Raising money smart kids certainly doesn’t happen by accident. We know this is true because we can look around and see college graduates crippled by debt, families living payment to payment for everything rom couches to handbags, from cars to homes, and even for necessities like food. Debt is ordinary…regular, yet not something that most Americans, given a choice, would hope for their children.
We recently underwent a crazy exercise and added up all of the debt that we have accrued in our thirty-five years. We never owed it all at once but the total was astonishing. We had signed for, promised, been charged, financed, and contracted to pay nearly $1,000,000 in our life, mostly to run a business the way everyone says to run a business (What small business doesn’t have a revolving line of credit?), go to college (Who doesn’t take out loans to go to that perfect, dream school?), and maintain a lifestyle that we wanted (Who doesn’t take out the maximum that a bank will lend you to buy a home? What American family doesn’t eat out 3-5 times per week? Who doesn’t have cars with payments?) Of course the dark side of this cycle of debt is that we were never able to give like we wanted, not free to take opportunities that didn’t support our lifestyle, and too overwhelmed to plan for a future with all of those weights around our necks.
After totaling this shocking number, we looked at our children, ages 2, 5, and 7, and determined that we want something better for them. None of them have ever been in debt to anyone and, Lord willing, they never will. Dave Ramsey calls it changing our family tree.

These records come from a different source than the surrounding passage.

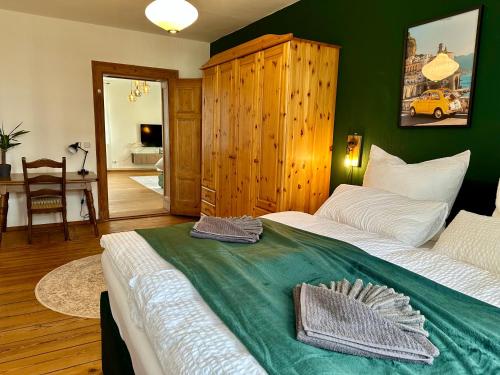 a bedroom with a large bed with a green blanket at Boutique Apartment im historischen Bahnhof - Potsdam & Berlin in Potsdam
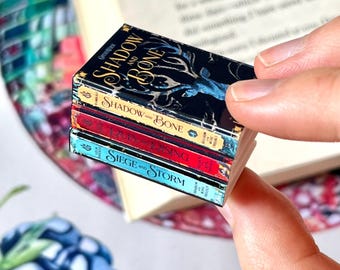 May include: Miniature book stack featuring the titles "Shadow and Bone", "Siege and Storm", and "Shadow and Bone". The books have colorful spines and detailed covers. The stack is held in a person's hand, with a larger book and patterned background visible.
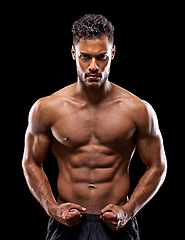 Image showing Fitness, portrait and man in studio with muscle, confidence and workout routine in health, wellness and power. Flexing, pride and strong athlete on black background for exercise, results and care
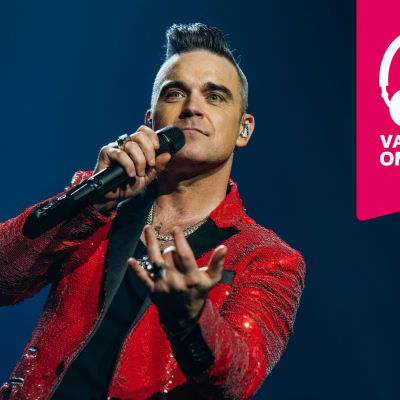 Robbie Williams sjunger i en mikrofon som han håller i handen.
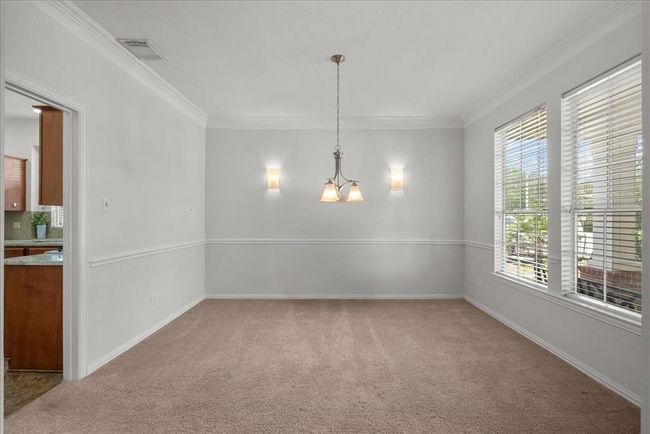 Do you enjoy entertaining? This formal dinning room is situated just off the kitchen for ease in moving between spaces. | Image 13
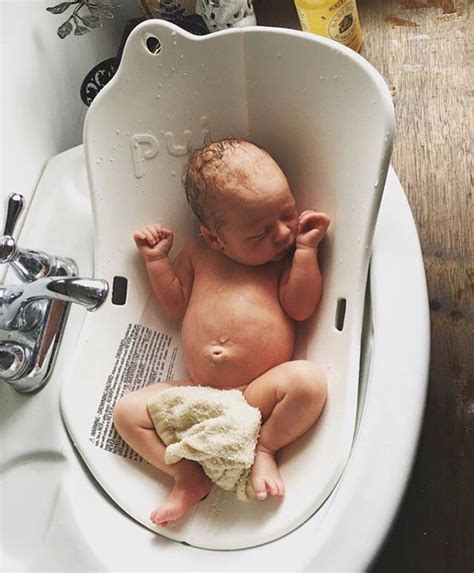 When does your baby outgrow the baby bath? adorable newborn in the puj tub | Pinterest: Natalia ...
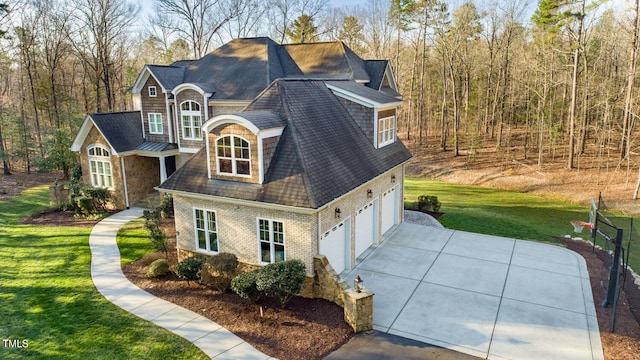 view of property exterior with stone siding, a yard, concrete driveway, a garage, and brick siding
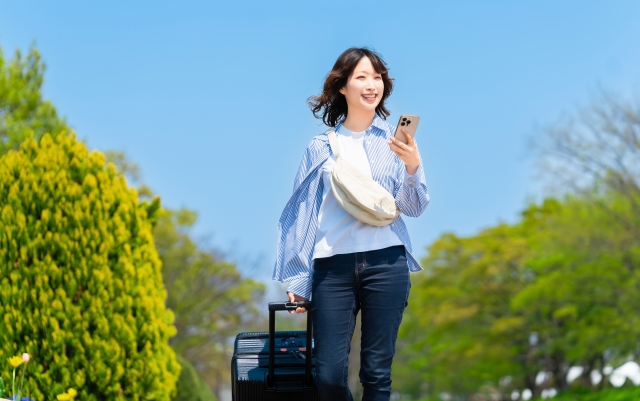 スーツケースを引く若い女性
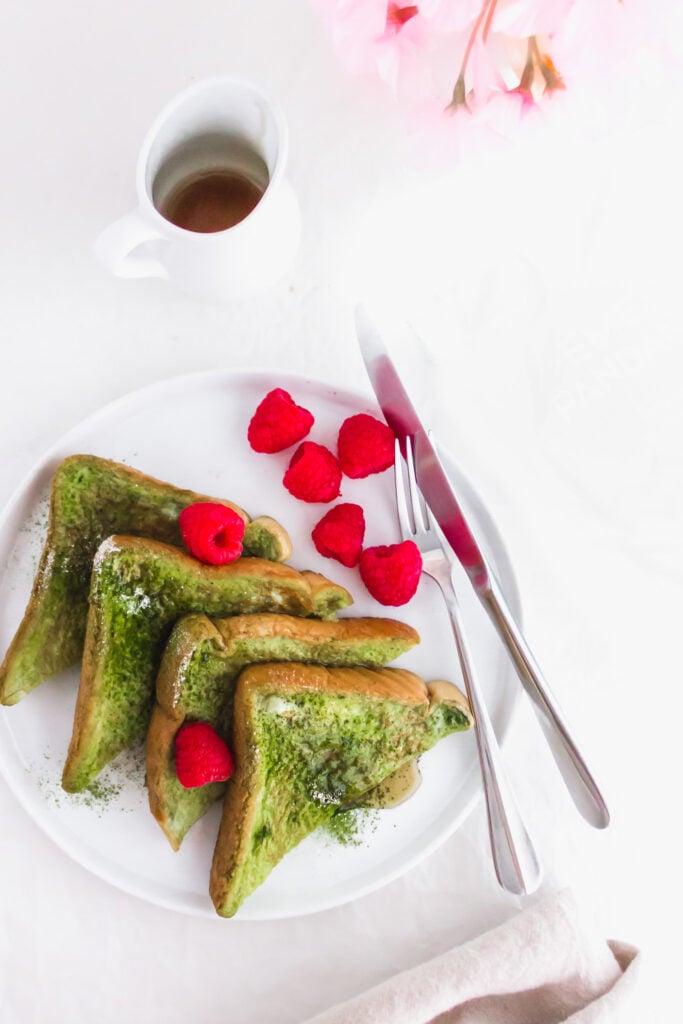 Close up of Pandan French Toast on round white plate with raspberries and fork.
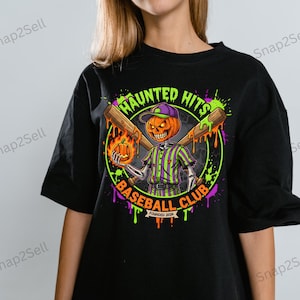 Puede incluir: Camiseta negra con un diseño de Halloween. El diseño presenta un esqueleto con cabeza de calabaza con uniforme de béisbol y sosteniendo un bate y una pequeña calabaza. El texto dice "Haunted Hits Baseball Club, Founded 2026."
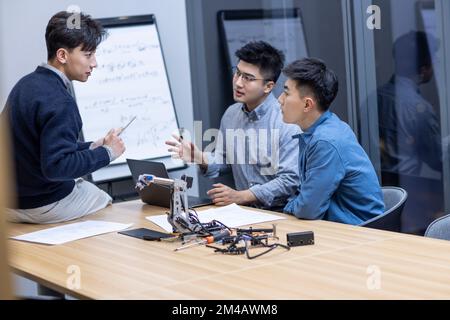 Selbstbewusste chinesische Konstrukteure überprüfen einen Roboterarm Stockfoto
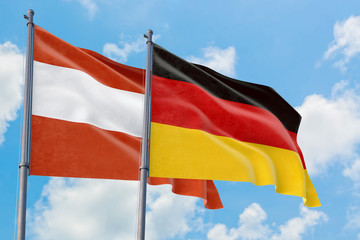 Germany and Austria flags waving in the wind against white cloudy blue sky together. Diplomacy concept, international relations.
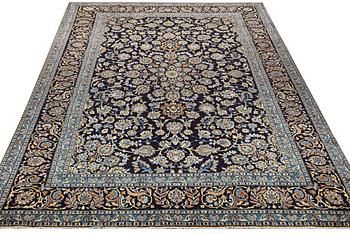 A Keshan carpet, c. 350 x 250 cm.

Just like many things in life, it is easier said than done, right? How DO you raise money smart kids? Growing up, my family was very economically stable. My parents worked hard and only had “regular” debt for cars and our home, so far as I knew. They used a credit card for everything and I really only heard them talk about money when the bill came and dad was surprised by my mom’s spending for that month and, being a very smart girl, I stayed as far away from that discussion as possible. Overall, they were stable. They taught me to give money to God and to be frugal. I had my needs met. I was very careful not to ask for too much…after all, I did not want to be a source of any stress over money. Yet, I still had no idea how or why they used money the way they did. I feel I was raised pretty well and am so thankful for my parents, but somehow I accidentally missed developing the skills and confidence with money to keep me from being “ordinary.”
Perhaps that is why the newest book by Dave Ramsey and his daughter, Rachel Cruze, Smart Money Smart Kids, feels a bit like a life raft in choppy waters. It is written in the uniquely engaging narrative of a father and a daughter sharing thoughts in a game of ping pong. Dave shares the perspectives of a parent who admittedly and dramatically failed at finances (we can identify) before overcoming and raising money smart children, while Rachel presents the view of a child who was raised to be competent with money, one who skipped all the “ordinary” snares that so many of her generation get tangled within, one who represents what we hope for our children.
However, Smart Money Smart Kids, while full of anecdotes of their experiences (some that are laugh out loud humorous), is more than an encouraging and entertaining narrative about one father raising one daughter. Rather, it’s true strength is in the very specific parenting strategies that can help CREATE money smart kids. Some topics include;
- Steps to Intentionally develop a positive attitude toward work through chores and commissions at developmentally appropriate times.
- Showing a heart-change about the uses and purposes of money, teaching that saving, giving, and spending can all be virtuous in their time and place.
- How to demonstrate and require self-discipline from children in saving for purchases.
- Budgeting for kids starting when they are young and giving more independence as they grow and demonstrate competence.
- Developing hearts of gratitude and contentment within children.
This book was both mind blowing and encouraging. Oh, the heartache we can save our children if we can be open and honest in teaching them how to have a heart of gratitude, a belief that it is all God’s anyway, and a sense of the sacred responsibility we have as stewards of resources, both financial and otherwise. Money is never just about money.
Really, Smart Money Smart Kids is all about intentionality. While accidentally raising money smart kids may be impossible, INTENTIONALLY we CAN and WILL change our family tree.